A Study to Assess the Safety, Efficacy, and Pharmacokinetics of Multiple Doses of ION224

Phase 2

Completed

• Conditions: Steatohepatitis, Nonalcoholic
• Interventions: Drug: ION224; Other: Placebo

• Registration Number: NCT04932512
• Lead Sponsor: Ionis Pharmaceuticals, Inc.

Brief Summary

The purpose of this study is to assess the effect of multiple ION224 doses when administered by subcutaneous (SC) injection for 49 weeks (end of the treatment \[EOT\]) on non-alcoholic steatohepatitis (NASH) histologic improvement and to assess the effect on liver steatosis by magnetic resonance imaging-determined proton density fat fraction (MRI-PDFF), additional changes in NASH histologic features, liver biochemistry tests, and plasma lipid profile.

Detailed Description

This is a Phase 2, double-blind, randomized, placebo-controlled study of ION224 in up to 150 participants. The study consists of 3 periods: 1) Screening Period: Week -8 to Week -1 (up to 8 weeks); 2) Treatment Period up to Week 49; and 3) Post-Treatment Period: Week 50 to Week 62 (12 weeks).
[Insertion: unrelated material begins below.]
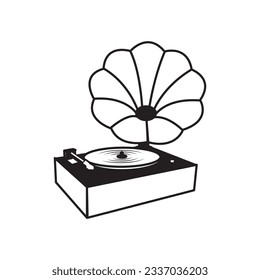 Icono girable del reproductor de vinilo. Estilo retro, Dispositivo para reproducción de sonido mecánico, Vinyl vintages clásico estilo, Icono de reproductor de vinilo de fin de semana. Isométrico del vector del reproductor de vinilo para el diseño web.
Initially, 48 patients will be enrolled in three different dose cohorts to receive ION224 or placebo every four weeks and based on safety and effects on liver steatosis (assessed at Week 15), two dose cohorts will be selected to be expanded. After dose selection, an additional 102 patients will be enrolled in the 2 selected dose cohorts and will receive ION224 or placebo for up to 49 weeks. Participants in the 3rd cohort (not selected) will continue to complete up to 49 weeks of treatment without any cohort expansion.

Study Timeline

• Study First Submitted: 2021-06-10
• Study First Submitted QC: 2021-06-10
• Study Start: 2021-06-17
• Study First Posted: 2021-06-21
• Primary Completion: 2024-01-10
• Study Completion: 2024-02-28
• Disposition First Posted: 2024-03-29
• Status Verified: 2024-11
• Disposition First Submitted: 2024-11-25
• Last Update Submitted: 2024-11-25
• Last Update Posted: 2024-11-27

Recruitment & Eligibility

• Status: COMPLETED
• Sex: All
• Target Recruitment: 160

Inclusion Criteria

• Males or females greater than or equal to (≥) 18 and less than or equal to (≤) 75 years old at the time of informed consent
• Body mass index ≥ 25 kg/m^2 and ≥ 22 kg/m^2 for participants of Asian race, as assessed during screening
• Liver fat ≥ 10% as assessed by MRI-PDFF before randomization
• Presence of NASH confirmed by centrally read liver biopsy
• Weight loss < 5% after historical biopsy. Otherwise, weight loss < 5% in the previous 3 months prior to randomization
• ALT and AST ≤ 200 units per liter (U/L) and confirmed to be stable
• Total Bilirubin ≤ 1.3 milligrams per deciliter (mg/dL) and confirmed to be stable

Exclusion Criteria

• Prior or planned (during the Study Period) bariatric surgery or previous bariatric surgery within 2 years prior to screening

• History of solid organ transplant

• Screening laboratory values that would render a participant unsuitable for inclusion, including but not limited to:

  • Clinically significant albuminuria or proteinuria
  • Positive test for blood on urinalysis
  • Estimated glomerular filtration rate (eGFR) < 60 milliliters (mL)/minute (min)/1.73 square meter (m^2)
  • Hemoglobin A1c (HbA1c) > 9.5%
  • Platelet count < 170 × 10^9/liter (L)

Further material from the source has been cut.